■ **TASK STATEMENT**: Reproduce the records below exactly, leaving out any pictures.

■ **DATA TO EXAMINE**:
• • • • • • •
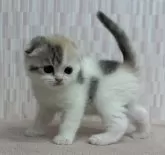 スコティッシュフォールド(折れ耳)【千葉県・女の子・2024年12月11日・ダイリュートキャリコ】の写真3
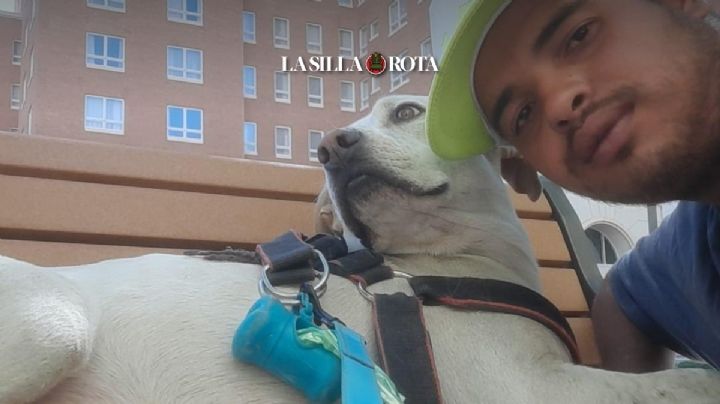 Beethoven, el perro migrante que cruzó México a bordo de La Bestia, recibe asilo en EU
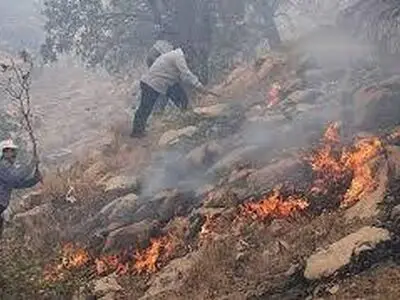مهار آتش‌سوزی در ارتفاعات مشرف بر روستای «آبزار» منطقه حفاظت شده دنا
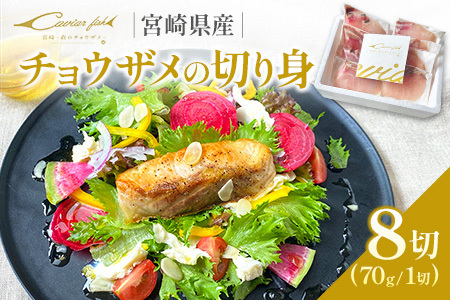 チョウザメ 切り身 70g×8P 魚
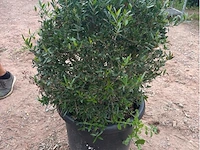 Philirea - afbeelding 2 van  2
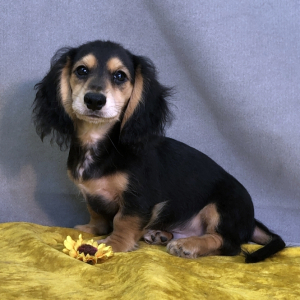 Dachshund Puppy Descent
• • • • • • •
■ **RESPONSE TO THIS TASK**:
 スコティッシュフォールド(折れ耳)【千葉県・女の子・2024年12月11日・ダイリュートキャリコ】の写真3
 Beethoven, el perro migrante que cruzó México a bordo de La Bestia, recibe asilo en EU
مهار آتش‌سوزی در ارتفاعات مشرف بر روستای «آبزار» منطقه حفاظت شده دنا
 チョウザメ 切り身 70g×8P 魚
 Philirea - afbeelding 2 van  2
 Dachshund Puppy Descent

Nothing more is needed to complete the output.